For those in hot water, 'Scandal' original Judy Smith a cool hand

From the book jacket
From the book jacket
Posted: September 28, 2012

Judy Smith does not comment on public-figure gaffes.

What would Smith, quite possibly America's No. 1 crisis expert, have done last week to help Republican presidential candidate Mitt Romney recover from his "47 percent" raw video reveal?

She won't even speculate. She says it's bad for business.

Business, as in being a corporate and personal reputation-fixer whose clients have included former Washington Mayor Marion Barry, BP (of oil-spill fame), and our own Michael Vick.

But while she keeps her mauve lips tight about real clients, TV viewers get a glimpse into her world every week on ABC's political thriller Scandal, which begins its second season Thursday night.

Smith is executive producer and the inspiration for the show's main character, Olivia Pope, a former White House communication director (Smith was deputy press secretary for George H.W. Bush) who left to open her own crisis-management agency.

So who knows, Smith could be charging Romney billable hours as we speak.

"It's hard to Monday-morning quarterback," Smith said, responding to a question about famous scandals posed to her by Convention Center president Ahmeenah Young during an appearance Tuesday morning.

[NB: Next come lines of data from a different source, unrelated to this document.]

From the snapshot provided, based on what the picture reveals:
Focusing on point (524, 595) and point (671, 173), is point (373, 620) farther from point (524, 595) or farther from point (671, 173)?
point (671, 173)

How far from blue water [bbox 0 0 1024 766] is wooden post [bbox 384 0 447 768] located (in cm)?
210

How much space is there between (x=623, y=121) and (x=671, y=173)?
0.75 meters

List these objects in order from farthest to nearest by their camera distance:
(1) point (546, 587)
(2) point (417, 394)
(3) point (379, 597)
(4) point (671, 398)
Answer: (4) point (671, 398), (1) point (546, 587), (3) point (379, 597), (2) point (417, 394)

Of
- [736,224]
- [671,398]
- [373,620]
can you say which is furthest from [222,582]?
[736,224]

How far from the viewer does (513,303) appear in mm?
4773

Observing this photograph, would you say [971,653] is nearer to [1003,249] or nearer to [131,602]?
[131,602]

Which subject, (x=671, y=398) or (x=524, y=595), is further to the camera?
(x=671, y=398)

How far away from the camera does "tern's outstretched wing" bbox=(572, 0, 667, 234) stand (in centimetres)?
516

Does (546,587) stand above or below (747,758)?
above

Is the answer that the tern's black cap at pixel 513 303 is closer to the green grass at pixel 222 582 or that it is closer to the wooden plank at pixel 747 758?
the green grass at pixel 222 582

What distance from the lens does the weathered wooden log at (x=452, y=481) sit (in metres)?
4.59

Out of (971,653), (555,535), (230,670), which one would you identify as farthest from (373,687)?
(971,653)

Smith was at the center to sign copies of her book, Good Self, Bad Self: Transforming Your Worst Qualities Into Your Biggest Assets (Simon & Schuster, 2012), and deliver the keynote address for the Philadelphia Black Public Relations Society, Philadelphia Public Relations Association and the Public Relations Society of America’s Philadelphia Chapter’s annual State of the Industry event.

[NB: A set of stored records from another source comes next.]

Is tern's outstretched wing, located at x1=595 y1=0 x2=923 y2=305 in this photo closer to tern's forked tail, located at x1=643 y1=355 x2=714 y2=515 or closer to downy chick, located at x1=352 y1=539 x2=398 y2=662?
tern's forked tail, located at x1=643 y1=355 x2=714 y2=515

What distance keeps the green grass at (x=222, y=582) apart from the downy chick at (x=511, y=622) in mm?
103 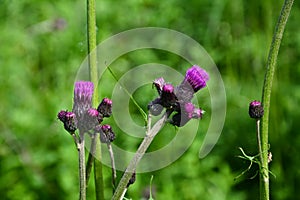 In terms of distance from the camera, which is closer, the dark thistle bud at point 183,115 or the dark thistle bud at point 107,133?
the dark thistle bud at point 183,115

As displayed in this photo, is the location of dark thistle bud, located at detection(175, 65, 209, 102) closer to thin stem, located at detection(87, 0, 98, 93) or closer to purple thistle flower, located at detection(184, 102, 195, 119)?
purple thistle flower, located at detection(184, 102, 195, 119)

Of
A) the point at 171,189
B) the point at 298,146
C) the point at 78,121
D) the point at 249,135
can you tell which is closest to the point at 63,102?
the point at 171,189

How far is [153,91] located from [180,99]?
4.74ft

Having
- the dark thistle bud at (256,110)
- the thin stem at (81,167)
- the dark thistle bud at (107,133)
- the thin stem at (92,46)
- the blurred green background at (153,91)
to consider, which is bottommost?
the thin stem at (81,167)

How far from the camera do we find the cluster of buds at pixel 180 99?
1.28 meters

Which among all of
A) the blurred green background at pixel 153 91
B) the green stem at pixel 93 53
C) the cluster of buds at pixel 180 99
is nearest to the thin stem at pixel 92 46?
the green stem at pixel 93 53

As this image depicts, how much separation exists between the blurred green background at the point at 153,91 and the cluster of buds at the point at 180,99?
1266mm

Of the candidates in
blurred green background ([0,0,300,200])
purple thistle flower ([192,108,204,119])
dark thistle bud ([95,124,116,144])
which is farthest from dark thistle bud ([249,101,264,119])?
blurred green background ([0,0,300,200])

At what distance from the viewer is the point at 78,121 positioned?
1.36m

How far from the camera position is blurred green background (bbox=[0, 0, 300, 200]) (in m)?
2.78

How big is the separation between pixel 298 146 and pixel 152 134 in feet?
6.09

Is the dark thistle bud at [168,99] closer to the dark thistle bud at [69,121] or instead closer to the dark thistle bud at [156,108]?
the dark thistle bud at [156,108]

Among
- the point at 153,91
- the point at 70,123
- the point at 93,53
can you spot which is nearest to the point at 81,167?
the point at 70,123

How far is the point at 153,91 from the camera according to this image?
8.99 ft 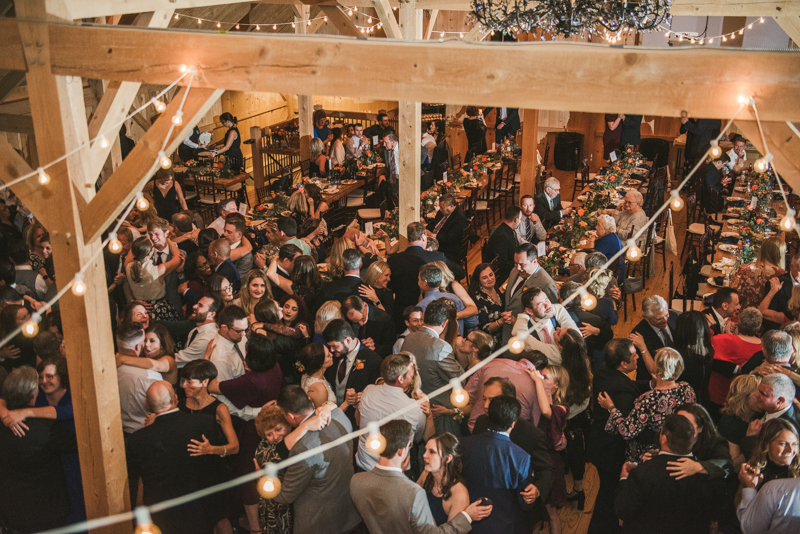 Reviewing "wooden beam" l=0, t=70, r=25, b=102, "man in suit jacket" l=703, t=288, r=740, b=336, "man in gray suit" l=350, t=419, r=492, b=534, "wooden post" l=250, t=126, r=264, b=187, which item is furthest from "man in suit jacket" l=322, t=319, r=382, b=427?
"wooden post" l=250, t=126, r=264, b=187

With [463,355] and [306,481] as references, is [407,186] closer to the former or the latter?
[463,355]

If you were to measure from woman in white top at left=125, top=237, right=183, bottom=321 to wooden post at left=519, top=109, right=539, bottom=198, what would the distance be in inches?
194

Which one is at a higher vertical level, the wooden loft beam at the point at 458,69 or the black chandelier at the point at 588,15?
the black chandelier at the point at 588,15

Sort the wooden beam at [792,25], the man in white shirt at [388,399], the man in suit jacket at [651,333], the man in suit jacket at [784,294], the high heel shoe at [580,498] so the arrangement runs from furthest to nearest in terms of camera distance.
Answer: the wooden beam at [792,25], the man in suit jacket at [784,294], the high heel shoe at [580,498], the man in suit jacket at [651,333], the man in white shirt at [388,399]

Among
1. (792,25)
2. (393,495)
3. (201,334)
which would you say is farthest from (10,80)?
(792,25)

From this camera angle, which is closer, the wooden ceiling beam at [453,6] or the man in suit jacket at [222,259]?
the wooden ceiling beam at [453,6]

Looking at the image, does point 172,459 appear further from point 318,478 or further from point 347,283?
point 347,283

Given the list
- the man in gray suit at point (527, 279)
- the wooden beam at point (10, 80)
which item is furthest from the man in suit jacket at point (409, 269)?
the wooden beam at point (10, 80)

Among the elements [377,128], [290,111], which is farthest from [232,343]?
[290,111]

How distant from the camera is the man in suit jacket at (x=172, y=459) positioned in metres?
3.43

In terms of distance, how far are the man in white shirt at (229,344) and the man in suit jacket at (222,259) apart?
3.87 ft

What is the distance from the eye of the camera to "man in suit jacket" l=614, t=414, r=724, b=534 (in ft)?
10.2

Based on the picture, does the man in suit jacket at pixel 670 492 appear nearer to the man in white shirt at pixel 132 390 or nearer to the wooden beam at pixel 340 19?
the man in white shirt at pixel 132 390

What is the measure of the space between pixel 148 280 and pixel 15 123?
330cm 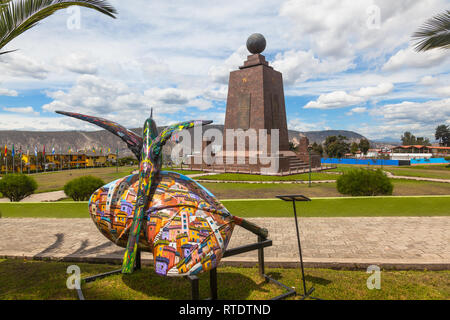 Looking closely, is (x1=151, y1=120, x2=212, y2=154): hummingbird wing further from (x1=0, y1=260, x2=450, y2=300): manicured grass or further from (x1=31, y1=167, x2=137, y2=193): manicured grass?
(x1=31, y1=167, x2=137, y2=193): manicured grass

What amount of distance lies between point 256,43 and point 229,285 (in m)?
27.9

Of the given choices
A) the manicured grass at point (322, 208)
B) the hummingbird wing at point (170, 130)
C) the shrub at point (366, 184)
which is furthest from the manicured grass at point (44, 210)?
the shrub at point (366, 184)

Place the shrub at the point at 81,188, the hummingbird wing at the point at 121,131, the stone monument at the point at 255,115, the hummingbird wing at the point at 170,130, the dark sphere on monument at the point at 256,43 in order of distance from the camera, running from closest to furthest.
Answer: the hummingbird wing at the point at 170,130 < the hummingbird wing at the point at 121,131 < the shrub at the point at 81,188 < the stone monument at the point at 255,115 < the dark sphere on monument at the point at 256,43

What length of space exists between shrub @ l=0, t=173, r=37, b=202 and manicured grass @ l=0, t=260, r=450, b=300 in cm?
1235

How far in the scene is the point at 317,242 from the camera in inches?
284

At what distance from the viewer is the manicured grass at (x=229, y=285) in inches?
173

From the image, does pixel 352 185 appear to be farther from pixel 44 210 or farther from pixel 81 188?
pixel 44 210

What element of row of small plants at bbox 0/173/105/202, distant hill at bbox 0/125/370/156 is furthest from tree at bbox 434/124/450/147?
row of small plants at bbox 0/173/105/202

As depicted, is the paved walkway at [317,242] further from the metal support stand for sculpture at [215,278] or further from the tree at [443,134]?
the tree at [443,134]

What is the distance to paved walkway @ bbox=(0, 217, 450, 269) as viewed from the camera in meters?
5.91

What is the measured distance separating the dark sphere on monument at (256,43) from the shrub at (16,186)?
75.0 feet

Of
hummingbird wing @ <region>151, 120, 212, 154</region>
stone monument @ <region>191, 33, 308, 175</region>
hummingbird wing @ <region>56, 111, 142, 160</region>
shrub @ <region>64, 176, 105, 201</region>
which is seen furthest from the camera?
stone monument @ <region>191, 33, 308, 175</region>

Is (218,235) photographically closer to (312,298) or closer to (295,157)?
(312,298)

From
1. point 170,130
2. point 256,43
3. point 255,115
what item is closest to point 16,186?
point 170,130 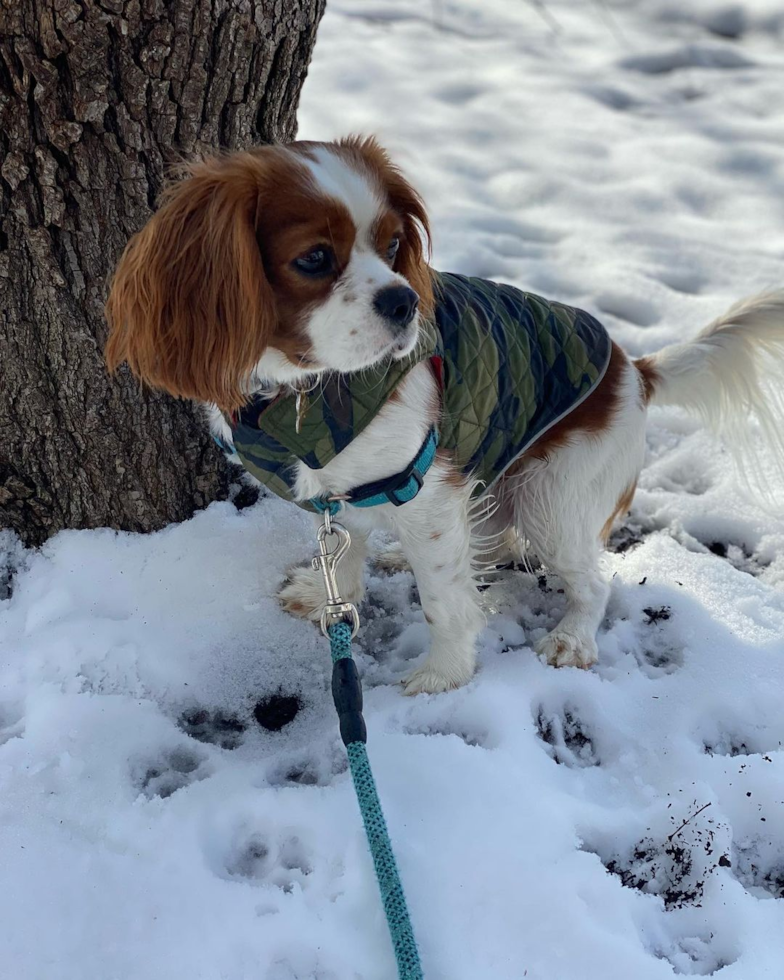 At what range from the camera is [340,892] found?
68.0 inches

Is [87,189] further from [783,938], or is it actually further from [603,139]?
[603,139]

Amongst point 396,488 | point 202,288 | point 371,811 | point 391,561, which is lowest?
point 391,561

Though she doesn't talk politics or entertainers, because of confidentiality agreements, she will say one thing: truth is the most important part of getting out of reputation-damaging hot water.

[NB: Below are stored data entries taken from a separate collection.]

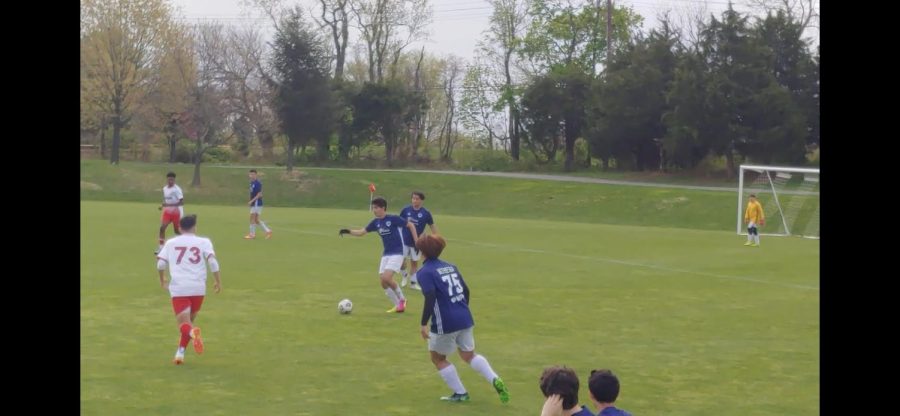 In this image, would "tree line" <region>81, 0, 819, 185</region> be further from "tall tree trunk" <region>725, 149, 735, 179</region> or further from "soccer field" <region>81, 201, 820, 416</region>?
"soccer field" <region>81, 201, 820, 416</region>

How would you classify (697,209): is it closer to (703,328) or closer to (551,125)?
(551,125)

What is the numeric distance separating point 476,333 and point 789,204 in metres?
30.5

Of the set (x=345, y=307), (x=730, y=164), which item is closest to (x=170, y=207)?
(x=345, y=307)

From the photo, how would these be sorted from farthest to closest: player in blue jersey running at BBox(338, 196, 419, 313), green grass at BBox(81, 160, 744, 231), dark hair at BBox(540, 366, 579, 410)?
green grass at BBox(81, 160, 744, 231) < player in blue jersey running at BBox(338, 196, 419, 313) < dark hair at BBox(540, 366, 579, 410)

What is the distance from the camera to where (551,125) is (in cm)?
7119

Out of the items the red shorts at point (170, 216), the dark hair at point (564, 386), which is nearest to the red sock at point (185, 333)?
the dark hair at point (564, 386)

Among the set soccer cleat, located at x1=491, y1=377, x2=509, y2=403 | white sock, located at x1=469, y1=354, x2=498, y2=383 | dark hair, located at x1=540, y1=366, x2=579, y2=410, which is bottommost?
soccer cleat, located at x1=491, y1=377, x2=509, y2=403

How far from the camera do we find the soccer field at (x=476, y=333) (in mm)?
11492

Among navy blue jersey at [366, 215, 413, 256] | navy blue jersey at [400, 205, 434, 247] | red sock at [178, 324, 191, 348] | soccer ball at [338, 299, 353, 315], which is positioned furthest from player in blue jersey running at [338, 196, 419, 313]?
red sock at [178, 324, 191, 348]

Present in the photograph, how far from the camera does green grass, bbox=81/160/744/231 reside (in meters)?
49.9

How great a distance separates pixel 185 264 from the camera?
42.4 ft

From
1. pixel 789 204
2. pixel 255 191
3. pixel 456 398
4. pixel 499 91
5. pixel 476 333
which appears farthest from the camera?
pixel 499 91

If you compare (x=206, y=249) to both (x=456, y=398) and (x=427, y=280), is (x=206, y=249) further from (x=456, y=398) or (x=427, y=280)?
(x=456, y=398)

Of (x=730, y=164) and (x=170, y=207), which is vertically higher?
Answer: (x=730, y=164) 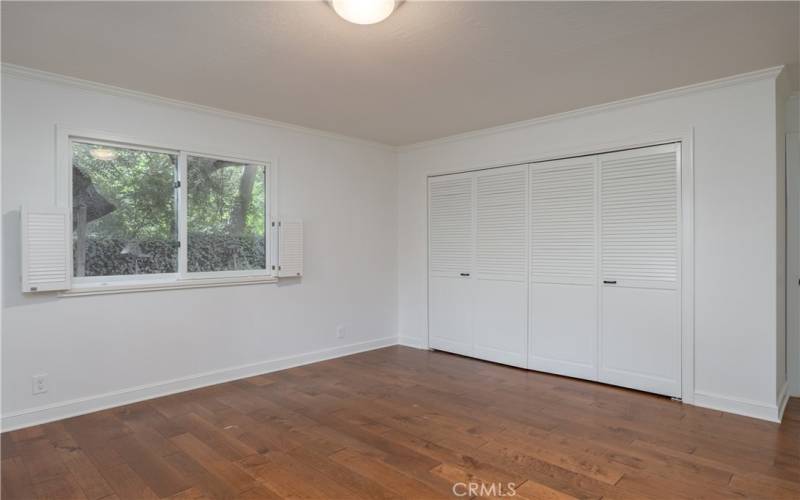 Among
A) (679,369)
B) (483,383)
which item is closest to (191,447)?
(483,383)

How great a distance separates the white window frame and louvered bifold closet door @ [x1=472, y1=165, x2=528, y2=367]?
86.6 inches

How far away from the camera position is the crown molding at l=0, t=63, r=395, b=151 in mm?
3168

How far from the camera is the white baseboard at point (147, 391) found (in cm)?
317

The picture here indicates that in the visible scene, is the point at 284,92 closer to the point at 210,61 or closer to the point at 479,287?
the point at 210,61

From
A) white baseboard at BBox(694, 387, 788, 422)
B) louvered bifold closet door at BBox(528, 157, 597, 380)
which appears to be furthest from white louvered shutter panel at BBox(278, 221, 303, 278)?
white baseboard at BBox(694, 387, 788, 422)

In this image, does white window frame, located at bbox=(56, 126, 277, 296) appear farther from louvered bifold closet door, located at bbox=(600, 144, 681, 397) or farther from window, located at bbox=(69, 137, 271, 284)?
louvered bifold closet door, located at bbox=(600, 144, 681, 397)

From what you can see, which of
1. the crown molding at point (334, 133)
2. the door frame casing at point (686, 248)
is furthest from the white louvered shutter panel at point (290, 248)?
the door frame casing at point (686, 248)

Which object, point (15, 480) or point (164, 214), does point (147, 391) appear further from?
point (164, 214)

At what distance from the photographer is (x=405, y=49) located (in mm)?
2895

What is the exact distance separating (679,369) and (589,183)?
1731 mm

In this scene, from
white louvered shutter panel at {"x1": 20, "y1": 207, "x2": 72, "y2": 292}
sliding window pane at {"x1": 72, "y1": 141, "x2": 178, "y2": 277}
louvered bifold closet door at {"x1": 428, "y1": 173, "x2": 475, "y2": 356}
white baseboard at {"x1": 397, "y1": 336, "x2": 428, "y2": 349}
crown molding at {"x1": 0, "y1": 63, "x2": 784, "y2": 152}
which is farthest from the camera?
white baseboard at {"x1": 397, "y1": 336, "x2": 428, "y2": 349}

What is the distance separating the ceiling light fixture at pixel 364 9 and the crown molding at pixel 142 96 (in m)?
2.19

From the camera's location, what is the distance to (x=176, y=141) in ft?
12.9

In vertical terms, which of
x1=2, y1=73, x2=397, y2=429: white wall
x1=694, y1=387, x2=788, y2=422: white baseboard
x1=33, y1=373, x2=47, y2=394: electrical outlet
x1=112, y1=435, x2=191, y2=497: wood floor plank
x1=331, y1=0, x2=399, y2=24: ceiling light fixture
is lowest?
x1=112, y1=435, x2=191, y2=497: wood floor plank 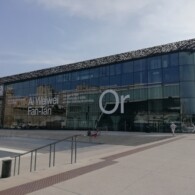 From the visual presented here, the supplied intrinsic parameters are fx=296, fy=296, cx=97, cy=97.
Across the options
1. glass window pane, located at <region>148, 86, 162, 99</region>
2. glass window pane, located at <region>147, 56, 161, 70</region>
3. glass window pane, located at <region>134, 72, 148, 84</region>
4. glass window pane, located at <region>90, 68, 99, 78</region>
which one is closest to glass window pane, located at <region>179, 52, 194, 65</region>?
glass window pane, located at <region>147, 56, 161, 70</region>

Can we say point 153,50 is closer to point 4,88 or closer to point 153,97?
point 153,97

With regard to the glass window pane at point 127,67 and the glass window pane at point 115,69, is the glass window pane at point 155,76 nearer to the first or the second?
the glass window pane at point 127,67

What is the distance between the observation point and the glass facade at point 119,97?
37562mm

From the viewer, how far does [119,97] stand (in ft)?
142

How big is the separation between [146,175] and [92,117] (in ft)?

"Public-figure crises are no different than everyday crises," she said. "It's just that you see them and read them every day in the paper."

Smith, 53, was easygoing and calm as she sat with her pinstripe-panted legs crossed. She revealed that she had two sons in college - but that was it for her private life. Her personality was a sharp contrast to pouty-mouthed Kerry Washington's portrayal of the icy Olivia Pope on TV.

"She's fabulous ... an incredible actress doing an amazing job," Smith said.

But unlike Pope, Smith said, if you followed her around every day, "you'd be bored to tears."

She'd never disinfect a crime scene, as Pope and her team did in the first season. "That would have me lose my bar."

And no, Smith said, she did not have an affair with the president she worked for, as Washington's character did. Not Bush while she was his deputy press secretary, nor any other president, for that matter.

She doesn't walk in high heels every day. "The high heels, oh my God, I'd fall over," she said.

Those plush cream pantsuits fancied by Pope, not so much. Smith seems to prefer dark pinstripes.

While exceptionally private, Smith decided Scandal, written and produced by Grey's Anatomy creator Shonda Rhimes, "was an opportunity for the world to see what a crisis manager does."

Smith grew up in Washington, to parents who each worked two jobs. She graduated with a degree in communications from Boston University and went on to law school at American University.

After graduation, she worked with Judge Lawrence Walsh, who prosecuted the Iran-Contra affair. Talk about crisis.

She later became a prosecutor at the U.S. District Attorney's Office in D.C. before moving on to work in the White House.

After Bush left office, she started Smith & Co., specializing in crisis management.

Her clients were as notable as they get, including Monica Lewinsky, whom she hid in a homeless shelter during the height of the brouhaha, and the family of Chandra Levy, the Washington intern murdered in 2001. (A dead intern did show up in the early episodes of Scandal.)

What's the hardest part of her job?

"Delivering bad news is difficult," she said. "And sometimes things just can't be fixed."

So, Smith added, it's important to head off the crisis before it happens. Hence the title of her book.

"Your goal is to figure out if there is an Act Two and what it can look like," she said.

Stellar advice. Need proof? Just check out Vick's second act.